Lorenzo’s art mainly focuses on marble, but he’s also used clay for art, and says he’s always felt a relationship with the material he uses.

He began making wine vessels because he has good friends in the world of wine. His friends are biodynamic types, and they kept asking him to make amphorae. So he started discovering the qualities of all kinds of clay, trying to find the right sort to use.

He began with local clay, ‘but I disovered it wasn’t right for what I wanted,’ he says. He thought about adding silica to the clay, something that vessel maker Tava do. But his friends were biodynamic and wanted the vessels to be clay, not a manufactured substance.

The problem with most clay is that you can cook it to around 950-1000 °C, and then it breaks or cracks. So this was his big challenge: how could he work with clay, but be able to reach firing temperatures to make vessels suitable for wine. The higher the firing temperature, the less permeable the clay is to oxygen. At lower temperatures, the wine will seep through it.

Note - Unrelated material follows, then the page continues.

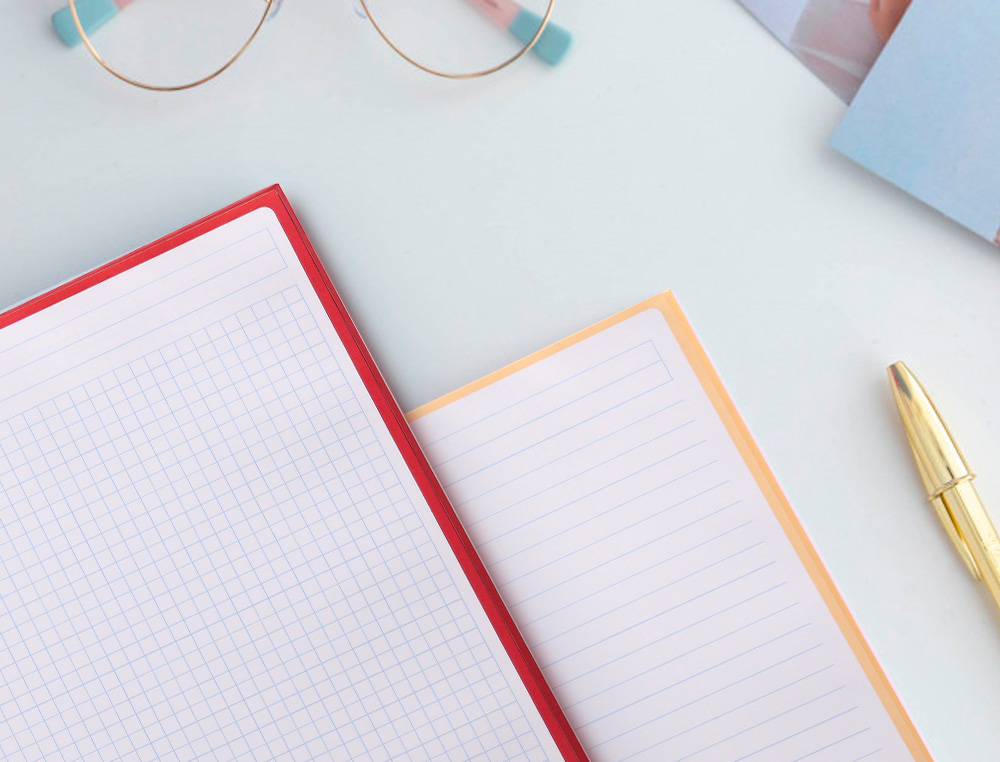 CUADERNO ESPIRAL A4 MICRO ANTARTIK TAPA FORRADA 80H 90 GR CUADRO 5MM 1 BANDA 4 TALADROS MOSTAZA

So Lorenzo started to work with a master of ceramics called Ivo in Pietrasanta, in the coastal part of Tuscany. This town specializes in sculpture and ceramics. He wanted to find clay that could resist being fired at higher temperatures.

Ivo the artisan found a man for him in Vicenza in the north of Italy who had the clay he wanted. This was lake clay with some pulverized quartz in it, and in 2023 Lorenzo made five amphorae, which he fired at 1200 °C. These are 500 litres, but he says it is no problem to make them bigger.

‘It’s not just about the quality of the clay,’ says Lorenzo, although he says it’s important to get to this higher temperature for wine vessels. ‘When I touch it, I smell it, I know it’s correct. I want a mix of masculine and feminine energy.

The first time he built from the bottom using a coil pot technology, first 3.5 cm, then 2.5, then 2. He aims at a thickness of 2.5 cm. But he has also used a mould.

‘I want to do something that is “earth”,’ says Lorenzo. ‘The amphorae need to breathe, but not too much.’